Subculture in Slovakia

Slovak hip hop is said to have begun in 1988, before the establishment of the Slovak Republic itself. The first rap song released in Slovakia was done by Rap Steady Crew from Košice in 1993, followed by Jednotka slovenskej starostlivosti (JSS) with their album Kompromis in 1997 as well as the duo Trosky releasing their record. Long-running crews are Lúza and Drvivá Menšina, who perform together as Názov Stavby with DJ Hajtkovič. Vec, formerly of the seminal duo Trosky, is considered by many today to be the most influential figure within hip-hop music in Slovakia, although newer acts such as 2H+, A.M.O, MC Vrabec, Čistychov and Kontrafakt have also gained significant popularity since 2003. Slovak hip hop was considered to start becoming popular when Kontrafakt released their first music video, Dáva mi, in 2003. It topped many video charts in Slovakia and the Czech Republic. The video even appeared on MTV. Kontrafakt's platinum debut album E.R.A. (along with albums Reč Naša by Názov Stavby and Trosky by Trosky) is considered to be one of the albums with the "classic" status.

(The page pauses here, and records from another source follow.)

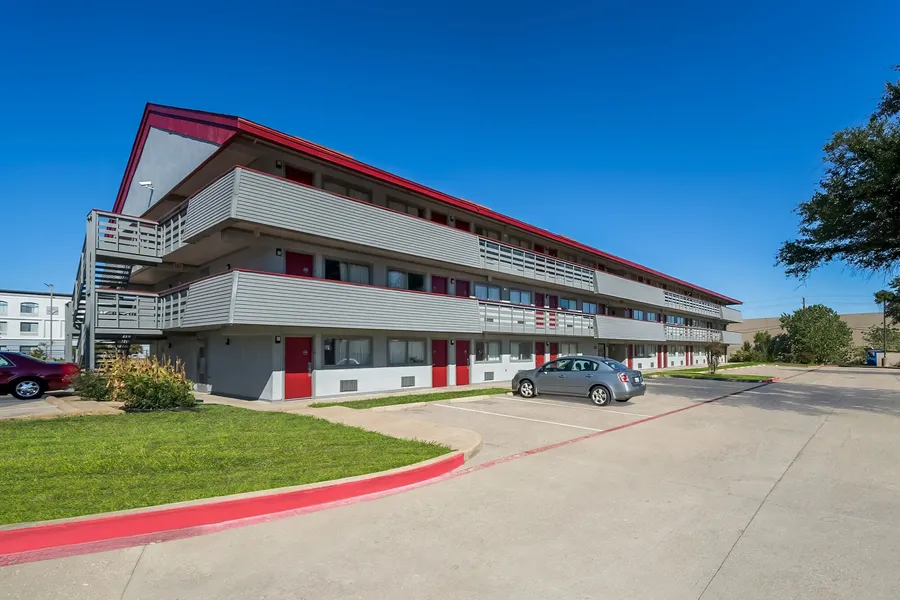 Red Roof Inn Dallas - DFW Airport North hotel detail image 2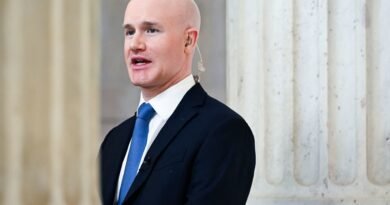 Coinbase partners with Moov to boost community bank stablecoin capabilities before Clarity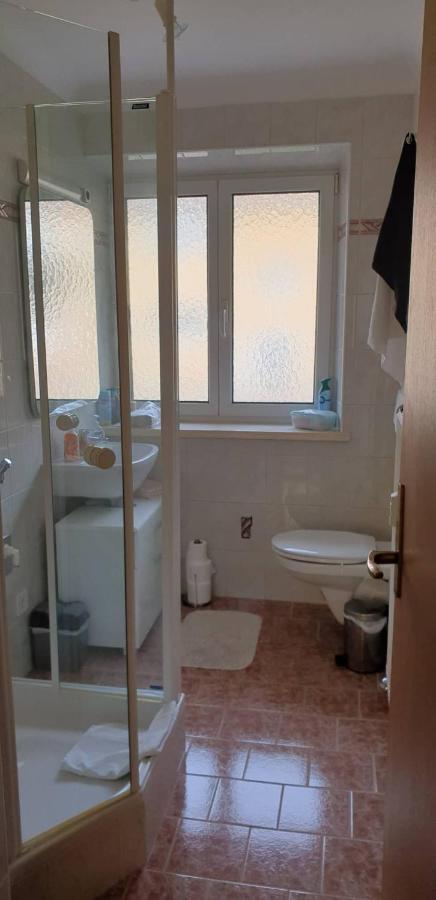 Eisenerz Stefan Apartment / Ferien Wohnung Luaran gambar
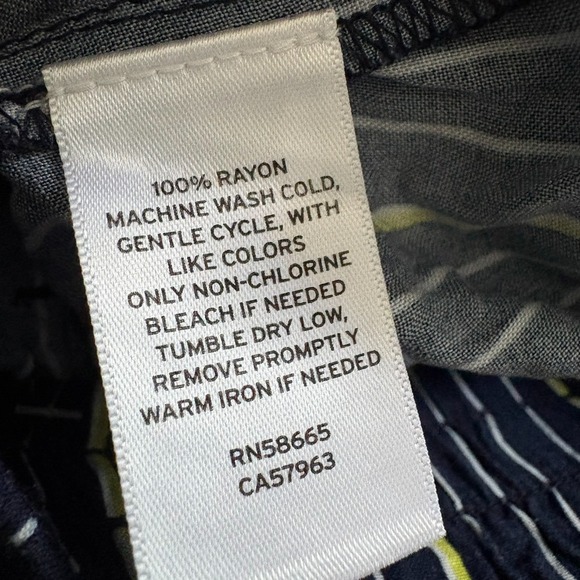 BP. The Label Nordstrom Striped womens Shorts Navy Yellow White 3X Elastic Waist - Picture 9 of 14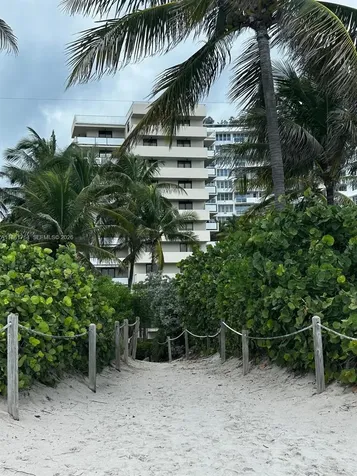 1621 Collins Avenue Miami Beach FL 33139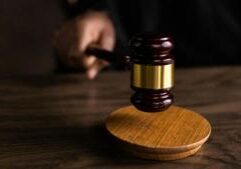 Judge blocks feds from freezing California education funding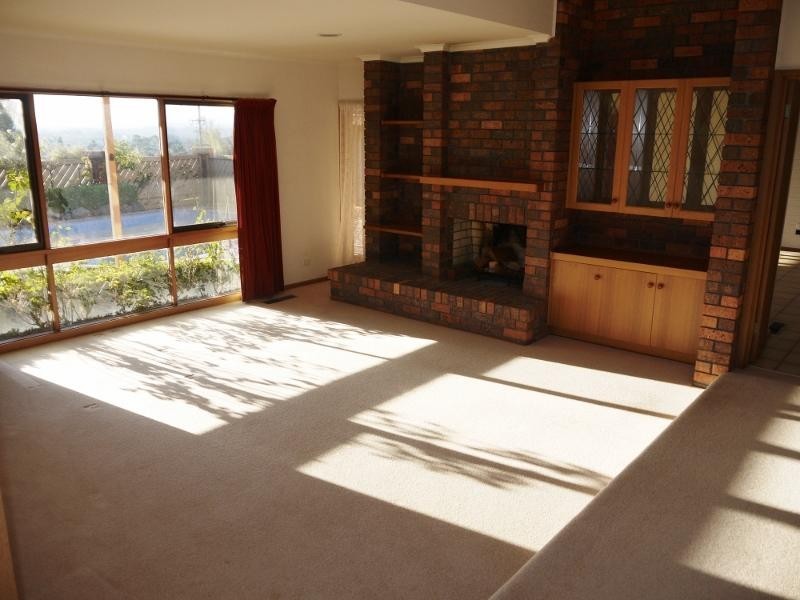 1 Ramsay Close, Doncaster East VIC 3109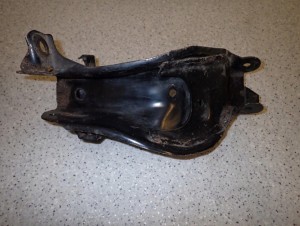 NISSAN PRIMERA P11 97-01 GOLEŃ WAHACZA ZWROTNICY PRZÓD LEWY KIELICH 4/4 MINIATURA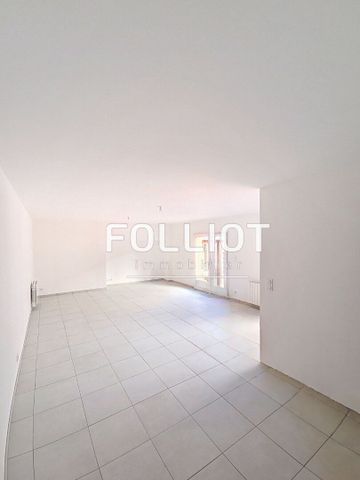 À louer : Appartement T4 entièrement rénovée ? Quartier Jeanne d'Arc, Fougères - Photo 4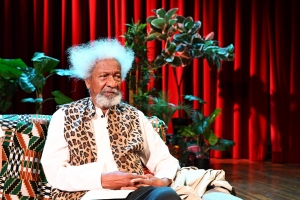 Nigeria : les Etats-Unis révoquent le visa de l’écrivain nigérian Wole Soyinka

In 2015, Sídliskový sen, a documentary film about Rytmus was released, after eight years of filming. In 2020, another documentary film tied to Slovak hip-hop, TEMPOS, was released, and while this documentary is also about Rytmus himself, it focuses less on his personal life and more on his career in hip-hop. The documentary film is considered to be deeply tied to the origins of Slovak hip-hop and Slovak hip-hop as a whole. In 2021 Kontrafakt released a documentary film on their YouTube channel, The Most Legendary, which was released a few days before their 5th studio album, KF ako rolls, was released to celebrate their twentieth anniversary as a group. The documentary explained the timeline of the group as a whole.

Nearly all Slovak hip-hop artists rap in Slovak and often collaborate with Czech artists like PSH, DJ Wich, Yzomandias, Nik Tendo and Polish WWO. Sometimes they collaborate with people from different countries, like Russian P-13 artists.

Kontrafakt is the best-selling hip-hop group in Slovakia.